Welcome to my data engineering project where I use the Lichess API to analyze chess games played on their platform. Chess has seen a historic rise in popularity in recent years due to the ease and accessibility of quick online games that allow players to play with opponents from all around the world. One of the most popular forms of online chess is blitz and bullet chess, where games are played with time limits of 3 minutes or less.
Lichess, a non-profit and open-source online chess platform, has quickly become a favorite among chess enthusiasts due to its commitment to fairness, openness, and transparency. As an open-source platform, Lichess provides an API that allows developers to access a wealth of data about the games played on their platform.
In this Data Engineering project, I will use the Lichess API to collect, transform, and visualize data on chess games played on the platform.
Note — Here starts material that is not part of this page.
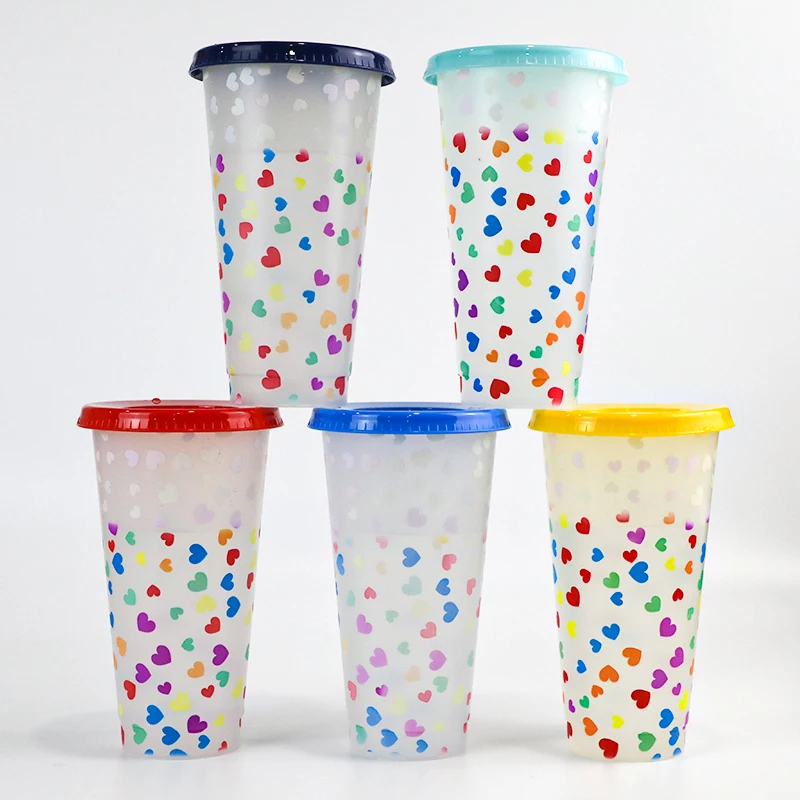 

Coffee color changing wholesale cold 24 oz reusable water cup plastic tumbler with straw and lid, Customized color plastic pp cup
By analyzing this data, I hope to gain insights into the openings used by top players, as well as identify trends and patterns in the game that could be useful in improving player performance.
When it comes to getting data from the Lichess API, it's crucial to keep in mind the limitations that come with it. These include:
- A throttling limit of only 20 games per second for game data retrieval.
- Only one request can be made at a time, with a 1-minute timeout if this limit is exceeded.
- Computer evaluation data is only accessible if the game has been previously requested to "Run Computer Analysis".
By being aware of these limitations, we can better design our data ingestion process to work within these constraints and avoid running into issues with API usage.
In the ingestion phase of the project, I've set up a Python script that fetches data from the Lichess API, specifically focusing on bullet, blitz, and ultrabullet games of user 'penguingim1'. The script operates in 21-second intervals (to comply with rate limits) for a duration of 10 minutes. This collected data is loaded into a Kafka topic, which is then transferred into Snowflake via a Confluent connector, setting the stage for dbt modeling and analysis.
The infrastructure/producer
folder holds the code for the customer Kafka producer I created for data ingestion. This includes the Dockerfile that I use to host the producer apart from my dbt project on AWS.
The warehouse/snowflake
folder holds the full dbt project which is also dockerized for AWS.
Before creating a dashboard ask yourself a few questions:
- What is the primary focus?
- What type of decisions will be made based on the data?
- How detailed does your dashboard need to be?
The primary focus of this particular dashboard is to help the viwer choose new Chess Openings to try out based on what the selected talented player uses.
The completed visualization includes a few graphs:
- Win percentage by chess opening, sorted by play count (Table)
- Chess rating over time
- Win Rate by day
- Top 10 Chess Openings play rate